00:03:36.480 The same author created a C extension called Oily PNG that enhances the performance of Chunky PNG by optimizing certain methods, allowing users to easily migrate to a faster library without changing their code.
00:04:02.720 Benchmarks show that Chunky PNG can take as long as 7.2 seconds for certain operations, while Oily PNG does it in less than 1 second, making it over 80 times faster.
00:04:34.080 Another example is the Json gem, which comes in two versions: the C extension variant and the pure Ruby variant. If you need speed, you can require the C extension and fall back to pure Ruby if it’s not available.
00:05:16.320 C extensions face criticism, mainly for being less portable compared to pure Ruby code, as Ruby code can run across different platforms and interpreters. It’s also difficult to patch or debug C extensions, and self-documentation is often lacking.
00:05:53.200 For example, if you want to monkey patch a C extension, you typically have to write in C code, which can be complex and cumbersome.
00:06:29.440 Debugging C extensions presents another challenge, as Rubyists shouldn't be required to know C to debug C extension code. Such difficulties can lead to frustration when attempting to manage library functionality.
00:06:57.280 Additionally, self-documentation is problematic. Users should not have to read undocumented C code to understand ruby extensions. Good documentation practices should be adopted within C extensions, and methods should include clear explanations.

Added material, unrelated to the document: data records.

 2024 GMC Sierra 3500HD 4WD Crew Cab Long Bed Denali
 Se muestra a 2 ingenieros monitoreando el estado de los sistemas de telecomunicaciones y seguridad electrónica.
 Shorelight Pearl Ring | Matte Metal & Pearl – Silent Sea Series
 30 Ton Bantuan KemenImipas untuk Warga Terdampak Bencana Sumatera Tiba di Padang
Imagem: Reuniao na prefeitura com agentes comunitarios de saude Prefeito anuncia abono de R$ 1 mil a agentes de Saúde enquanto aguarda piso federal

00:07:28.560 While many C extensions lack clear documentation, libraries like ActiveSupport provide excellent examples of why good documentation is critical.

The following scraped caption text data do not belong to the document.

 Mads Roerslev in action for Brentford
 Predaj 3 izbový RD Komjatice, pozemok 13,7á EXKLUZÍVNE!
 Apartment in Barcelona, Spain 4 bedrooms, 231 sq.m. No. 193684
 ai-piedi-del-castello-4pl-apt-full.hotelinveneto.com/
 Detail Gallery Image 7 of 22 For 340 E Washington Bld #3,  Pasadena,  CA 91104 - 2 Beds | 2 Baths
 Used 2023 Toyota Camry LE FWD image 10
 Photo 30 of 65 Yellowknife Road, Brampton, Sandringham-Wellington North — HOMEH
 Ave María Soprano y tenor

00:08:01.360 An old example, Range#to_s, serves as a cautionary tale. Its documentation leaves much to be desired, raising questions about its functionality from any user unfamiliar with C.
00:08:37.440 Documenting C extension code using methods and including clear comments, preferably in YARD style, can bridge the gap and improve accessibility for Ruby users.
00:09:09.040 There’s a need for a consensus on the best practices for packaging C extensions. The RubyGems API provides guidance on managing compilation, but there isn’t a universally agreed-upon method.
00:09:50.280 As for FFI (Foreign Function Interface), while it wasn't covered in detail today, it is still a viable option to consider when performance comparisons are made against C extensions.
00:10:18.760 In conclusion, C extensions have a valid place in the Ruby ecosystem. When used properly, they enhance performance and allow integration with existing libraries, proving how they are alive and well in the Ruby community.
00:10:58.680 Ultimately, developers should embrace C extensions while maintaining a dedication to clear documentation and user accessibility.
00:11:07.760 Thank you for your time. Do you have any questions? I'd be happy to take them.
00:11:20.240 Is there a good convention for packaging C extensions? There’s some guidance in the RubyGems API, but no widely accepted standard.
00:11:30.240 For any specific queries about packaging or compiling C extensions, I suggest seeking advice in the RubyGems IRC Channel.
00:11:37.240 Thanks again for attending! I hope you found this discussion helpful.
00:11:46.040 It's been a pleasure sharing these insights with you.